There are many ways to produce hydrogen, but the small amount of hydrogen production technology applied in hydrogen health care can be roughly divided into three types: 1. In the hydrogen production mode of magnesium metal, metal magnesium rod or magnesium powder is in contact with water. Hydrogen is produced by chemical reaction, but the hydrogen produced is low in purity and easily accumulates excessive magnesium in the human body, causing problems such as physical burden or injury; 2. In the traditional water electrolysis method, as shown in Figure 1. It is shown that the conventional electrolysis device (F) uses liquid electrolyte to electrolyze water to generate hydrogen gas, but in this way, since the water body which is a hydrogen-producing raw material needs to have a good conductivity, the electrolysis efficiency can be improved, so The raw material water used (as shown in the figure is tap water) is generally a relatively pure, highly conductive water that is sent directly to the electrolysis equipment; however, the metal ions in the liquid electrolyte used are easier to electrolyze. The medium is brought to the hydrogen end, causing it to have the liquid electrolyte to pollute the hydrogen.

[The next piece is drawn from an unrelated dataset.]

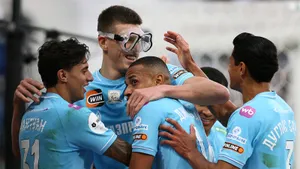 Два пенальти и неудаление Соболева за удар локтем: судьи помогли «Зениту» победить «Спартак»?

If it is used for a long time, the damage to the health will be difficult to evaluate. 3. The hydrogen production method of the proton exchange membrane: use Proton Exchange Membrane (PEM) electrolysis, which produces the purity of hydrogen required to meet the recommendations of the Food and Drug Administration (FDA) for hydrogen as a food additive, ie Purity needs to be greater than 99.995%, and because it uses solid electrolytes, it also avoids the doubt that hydrogen is easily caused by traditional electrolysis. However, this method is not only costly, but also has a high technical threshold. There are not many products that are applied to the technology and applied to the product.

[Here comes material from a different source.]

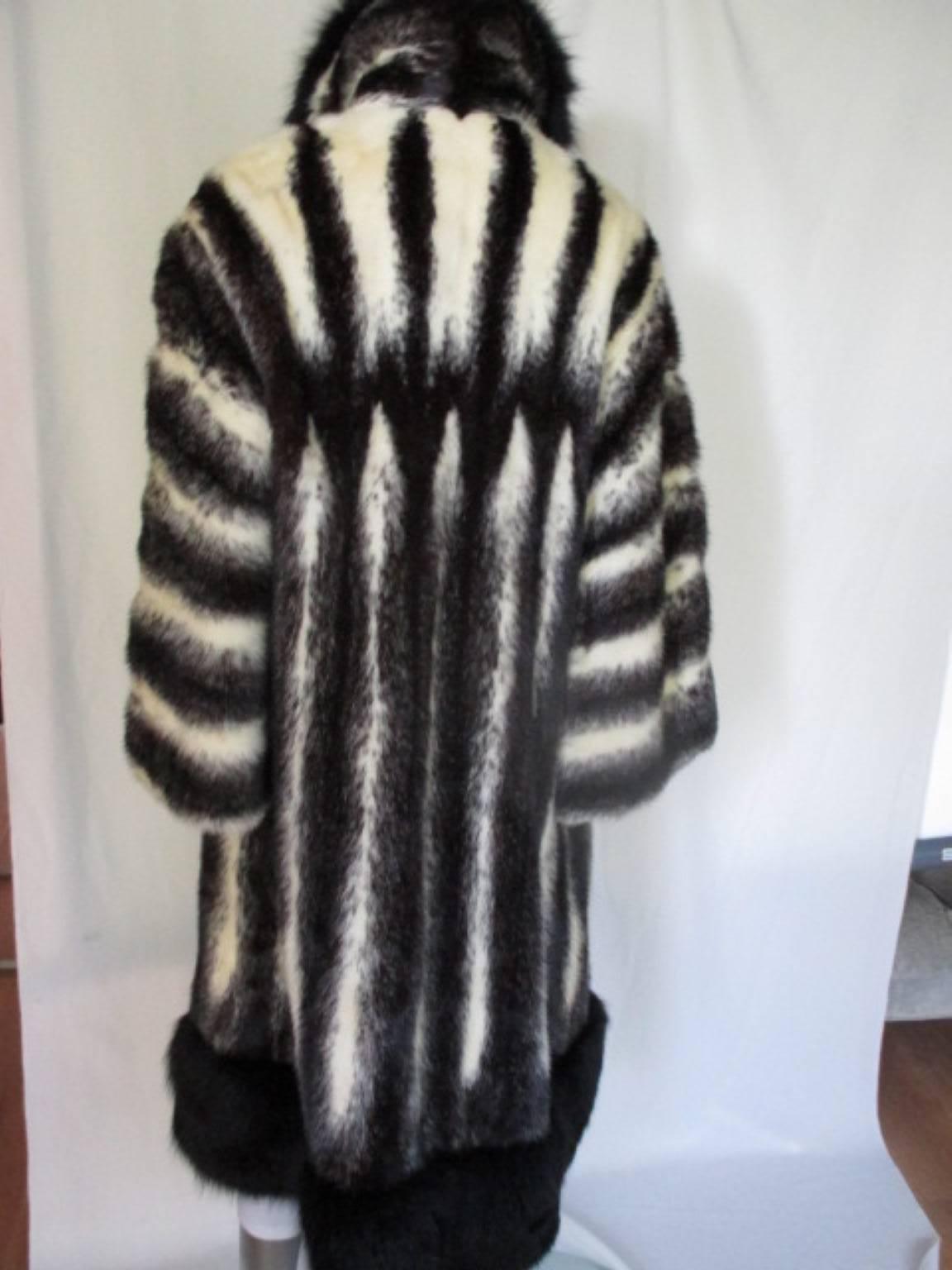 Extravagant black cross mink / black fox fur opera coat In Fair Condition In Amsterdam, NL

Furthermore, since pure water cannot conduct electricity, various ions are required to dissolve in water to help conduct electricity, but this is accompanied by many harmful by-products, such as conventional electrolyzed water, which produce chlorine by-products due to chloride ions in the water. Harm to the body. The proton exchange membrane hydrogen production method uses a high-molecular proton exchange membrane as a solid electrolyte, and does not require liquid ions in water. On the contrary, the higher the purity of the water, the better, the protection of the core battery, and thus the super high Purity of hydrogen without accompanying other by-products. High-purity hydrogen can be obtained by proton exchange membrane electrolysis hydrogen production, but the purity of the raw material water used for the proton exchange membrane needs to be quite high. Basically, the conductivity is required to be < 1~2 uS/cm, which is already pure water grade. . This is because the proton exchange membrane hydrogen production module has a key component: the proton exchange membrane, which uses a carbon material as the substrate, and then coats the precious metal catalyst (generally platinum (Pt)-based). On the other hand, the noble metal catalyst is relatively easy to bond with the metal anion and cation in the pure water of the raw material, thereby deteriorating or even poisoning the catalytic performance.

However, the pure water required for the proton exchange membrane hydrogen production module is not only difficult to obtain, but also expensive, and since the pure water is exposed to the air, the carbon dioxide (CO2) in the air is rapidly dissolved into the pure water, resulting in its The conductivity rises rapidly, so it is relatively difficult to store pure water. Therefore, how to develop a filter structure for reducing liquid conductivity and a hydrogen production device thereof and a filtration method using the same, can reduce the conductivity of the water body after filtering the water body, and provide the proton exchange membrane hydrogen production module after the filtered water body The use of this, in order to produce a large amount of high-purity hydrogen, hydrogen water, is the subject of active research and development by various industry players.

The main object of the present invention is to solve the problems encountered in the prior art, and to filter the unfiltered water through the filter structure, so that the conductivity of the water body can be reduced, so that the filtered water body is like pure water, when the water body passes through the continuous circulation. After filtration, the proton exchange membrane hydrogen production module can use the filtered water body to generate a large amount of high-purity hydrogen and hydrogen water.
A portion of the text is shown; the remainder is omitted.